-------- EXERCISE INPUTS
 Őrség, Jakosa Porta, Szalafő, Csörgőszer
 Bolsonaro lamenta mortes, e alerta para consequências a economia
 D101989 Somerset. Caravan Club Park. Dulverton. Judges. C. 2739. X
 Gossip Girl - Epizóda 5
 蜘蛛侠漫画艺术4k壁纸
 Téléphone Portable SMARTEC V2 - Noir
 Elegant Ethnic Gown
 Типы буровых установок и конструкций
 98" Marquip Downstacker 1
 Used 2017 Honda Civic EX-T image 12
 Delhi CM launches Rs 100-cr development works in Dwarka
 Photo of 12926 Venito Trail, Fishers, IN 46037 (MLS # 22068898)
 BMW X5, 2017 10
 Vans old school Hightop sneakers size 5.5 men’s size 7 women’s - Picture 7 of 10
----------------
## WHAT THE TASK ASKS
Every record above must appear again in the answer, unchanged.

## WRITTEN REPLY
 Őrség, Jakosa Porta, Szalafő, Csörgőszer
 Bolsonaro lamenta mortes, e alerta para consequências a economia
 D101989 Somerset. Caravan Club Park. Dulverton. Judges. C. 2739. X
 Gossip Girl - Epizóda 5
 蜘蛛侠漫画艺术4k壁纸
 Téléphone Portable SMARTEC V2 - Noir
 Elegant Ethnic Gown
 Типы буровых установок и конструкций
 98" Marquip Downstacker 1
 Used 2017 Honda Civic EX-T image 12
 Delhi CM launches Rs 100-cr development works in Dwarka
 Photo of 12926 Venito Trail, Fishers, IN 46037 (MLS # 22068898)
 BMW X5, 2017 10
 Vans old school Hightop sneakers size 5.5 men’s size 7 women’s - Picture 7 of 10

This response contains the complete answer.